By Rich Lowry
Tuesday, June 03, 2025
Ukraine may not have “the cards,” as President Trump put
it, but it does have drones.
They were used to great effect over the weekend in an audacious attack within Russia that
has focused the world’s attention on a revolution in warfare.
A badly outmanned and outgunned country just reached far
inside its adversary’s territory to destroy or damage hugely expensive,
nuclear-capable strategic aircraft with low-cost drones basically
indistinguishable from ones available on Amazon.
It’s not quite David versus Goliath, because the Russian
giant is not going to be felled by the blow, but the diplomatic and
psychological impact of the raid could be profound, as Ukraine seeks to
demonstrate to the West its staying power.
For creativity and outsized effect with widely available
devices, the Ukrainian attack is in the same league as Israel’s beeper attack
on Hezbollah operatives in Lebanon last year. Both operations also carry a
message about new vulnerabilities — to a compromised supply chain and to
surprise drone attack — that should make us take notice.
We’ve just watched the equivalent of aviation legend
Billy Mitchell’s demonstration in 1921 when he had U.S. planes sink a former
German battleship, in a display of the emerging potency of air power.
Ukraine’s Operation Spider Web combined Mission
Impossible–style intrigue — the drones were secreted within Russia and some of
them launched from containers attached to trucks, unbeknownst to the drivers —
with clever innovation.
The attacks spanned several time zones and hit 41 Russian
aircraft, according to the Ukrainians.
The operation was the latest iteration of a cat-and-mouse
drone war between Ukraine and Russia. The Ukraine conflict is essentially a war
of attrition, yet it is anything but static, as the means of waging it change
almost by the week. Offensive innovation is met with defensive countermove,
triggering another change on offense.
Drones are vulnerable to electronic jamming? Then,
they’ll be controlled by massive spools of fiber-optic cable. Drones threaten
supply routes? Then, the roads will be covered with netting.
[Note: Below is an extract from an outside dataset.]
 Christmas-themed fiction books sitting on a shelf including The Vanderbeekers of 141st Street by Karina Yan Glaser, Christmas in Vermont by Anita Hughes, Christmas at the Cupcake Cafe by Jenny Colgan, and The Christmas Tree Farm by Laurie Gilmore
And drones will be
attacked by other drones.
What the siren of the Stuka dive-bomber was to the
Blitzkrieg — an unmistakable herald of a new way of waging war — the
high-pitched whirr of the drone is to the Ukraine war.
Estimates are that drones now inflict about 70 percent of
casualties on both sides, and there are literally millions of them. Russia
deployed roughly 4 million drones last year, and Ukraine about 1.5 million.
We have much to learn from all this. After last weekend,
every commander of a U.S. base should be thinking anew about potential
vulnerability to drone attack, and it’s not hard to imagine the Chinese using
drones to execute a wide-ranging strike in the Western Pacific if Beijing goes
after Taiwan.
Once a leader in drone technology when its Predators were
taking out targets in the War on Terror, the U.S. hasn’t kept up with the
adaptations happening in the Ukraine war. Inevitably, our own bureaucratic
processes are our worst enemy.
As head of the U.S. National Drone Association, Nathan
Ecelbarger, writes, the system for acquiring drones “remains deeply flawed,
overly bureaucratic, and resistant to innovation.”
We’ll have to focus more on defenses, too, from early
detection to counter-drone capabilities. The problem with using missiles to
defeat drones is the asymmetry in expense — an SM-2 missile costs millions,
whereas a Houthi drone costs thousands. And drone swarms could overcome a
battery of missiles.
This is the reason why the work of next-generation
defense firms like Epirus, which has developed a scalable, high-power microwave
technology platform that can knock a swarm of drones from the sky, is so
important.
What’s happening in the Ukraine war is the norm in human
conflict. It’s adapt — or watch your castle get reduced to rubble, your fleet
get sent to the bottom of the ocean, or a leg of your nuclear triad get
assaulted by, essentially, a plaything of hobbyists.